Carbon stock in the Sundarbans mangrove forest: spatial variations in vegetation types and salinity zones

TLDR: In this paper, the authors presented the estimation of ecosystem carbon stock in the Sundarbans using a large scale data set collected from systematic grid samples throughout the forest, and the results revealed that no matter whether the mangroves are tall or dwarf, a significant amount of carbon is stored into the sediment.

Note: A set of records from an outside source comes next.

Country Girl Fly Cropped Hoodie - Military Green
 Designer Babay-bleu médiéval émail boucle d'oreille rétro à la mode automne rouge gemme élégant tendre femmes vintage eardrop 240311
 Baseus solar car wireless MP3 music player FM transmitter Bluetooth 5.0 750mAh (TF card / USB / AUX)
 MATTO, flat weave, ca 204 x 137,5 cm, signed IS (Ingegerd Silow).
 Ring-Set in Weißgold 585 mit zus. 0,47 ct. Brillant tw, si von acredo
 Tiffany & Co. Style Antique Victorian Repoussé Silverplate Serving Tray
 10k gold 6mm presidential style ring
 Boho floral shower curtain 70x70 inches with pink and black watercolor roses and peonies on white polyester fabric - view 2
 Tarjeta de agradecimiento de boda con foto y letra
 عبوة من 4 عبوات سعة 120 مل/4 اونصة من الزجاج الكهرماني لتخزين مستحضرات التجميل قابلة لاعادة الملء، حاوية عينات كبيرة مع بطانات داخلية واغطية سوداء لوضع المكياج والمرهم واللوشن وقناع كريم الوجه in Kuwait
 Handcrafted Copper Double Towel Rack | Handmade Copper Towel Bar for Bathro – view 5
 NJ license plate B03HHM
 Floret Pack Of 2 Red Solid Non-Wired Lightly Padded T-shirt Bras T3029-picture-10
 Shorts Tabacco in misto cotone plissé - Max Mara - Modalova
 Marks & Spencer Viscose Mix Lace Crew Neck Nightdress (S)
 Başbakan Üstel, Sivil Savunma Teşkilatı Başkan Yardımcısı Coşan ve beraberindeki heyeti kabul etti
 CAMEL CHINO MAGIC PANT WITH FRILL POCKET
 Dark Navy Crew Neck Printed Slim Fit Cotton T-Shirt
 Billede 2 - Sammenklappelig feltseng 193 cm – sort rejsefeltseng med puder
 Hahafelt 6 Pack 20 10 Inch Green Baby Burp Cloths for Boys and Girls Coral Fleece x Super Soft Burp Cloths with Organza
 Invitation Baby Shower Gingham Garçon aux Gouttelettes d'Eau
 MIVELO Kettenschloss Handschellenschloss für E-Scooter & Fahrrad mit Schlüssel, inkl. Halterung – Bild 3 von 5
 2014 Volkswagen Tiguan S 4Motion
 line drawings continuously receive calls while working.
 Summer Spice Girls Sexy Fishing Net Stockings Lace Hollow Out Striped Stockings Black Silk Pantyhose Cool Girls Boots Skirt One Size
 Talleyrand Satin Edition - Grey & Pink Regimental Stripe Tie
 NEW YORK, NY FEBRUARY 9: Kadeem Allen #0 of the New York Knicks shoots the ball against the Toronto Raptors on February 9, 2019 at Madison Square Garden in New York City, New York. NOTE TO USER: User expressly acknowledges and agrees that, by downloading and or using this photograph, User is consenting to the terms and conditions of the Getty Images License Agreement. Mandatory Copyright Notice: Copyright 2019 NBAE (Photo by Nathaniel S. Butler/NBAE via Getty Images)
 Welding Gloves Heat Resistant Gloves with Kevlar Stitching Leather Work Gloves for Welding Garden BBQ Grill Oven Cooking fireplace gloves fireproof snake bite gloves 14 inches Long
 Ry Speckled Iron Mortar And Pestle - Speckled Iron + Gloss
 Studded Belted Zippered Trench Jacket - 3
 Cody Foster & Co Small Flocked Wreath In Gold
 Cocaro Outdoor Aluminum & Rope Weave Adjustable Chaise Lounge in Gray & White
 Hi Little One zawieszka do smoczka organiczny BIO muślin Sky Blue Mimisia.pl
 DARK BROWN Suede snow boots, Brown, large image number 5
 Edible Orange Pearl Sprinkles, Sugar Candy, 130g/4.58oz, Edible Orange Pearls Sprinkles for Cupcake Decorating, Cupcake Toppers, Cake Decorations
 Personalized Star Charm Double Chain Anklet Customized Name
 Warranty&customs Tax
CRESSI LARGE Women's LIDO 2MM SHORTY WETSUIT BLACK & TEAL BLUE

Abstract: The Sundarbans (21o30′–22o30′ N and 89o00′–89o55′ E) is the largest mangrove forest in the world. Forests are very important for sequestering atmospheric carbon and mangroves are amongst the most efficient in carbon sequestration. This study presents the estimation of ecosystem carbon (above- and belowground) stock in the Sundarbans using a large scale data sets collected from systematic grid samples throughout the forest. The variation of carbon stock in different vegetation types and in different salinity zones in Sundarbans was investigated. The relationships between carbon stock and different vegetation functional attributes (basal area, mean tree height, crown coverage etc.) were also investigated. The amount of carbon stored varied significantly among vegetation types, salinity zones and vegetation functional attributes (P < 0.05). Sundri (Heritiera fomes) dominated forest types store more ecosystem carbon (360.1 ± 22.71 Mg C ha−1) than other vegetation types. The fresh water zone shows the highest ecosystem carbon stock (336.09 ± 14.74 Mg C ha−1) followed by moderate and strong salinity zones. Salinity was found to enhance belowground carbon stock as revealed by the lowest proportion of belowground carbon stock (57.2 %) with respect to ecosystem carbon in fresh water zone and by the highest (71.9 %) in strong salinity zone. The results also reveal that no matter whether the mangroves are tall or dwarf, a significant amount of carbon is stored into the sediment. The vegetation attributes (basal area and mean tree height) of the dominant mangrove species in each vegetation type were identified as the key indicator of ecosystem carbon stock. We recommended some generalized regression equations to predict ecosystem carbon stock from basal area or mean tree height.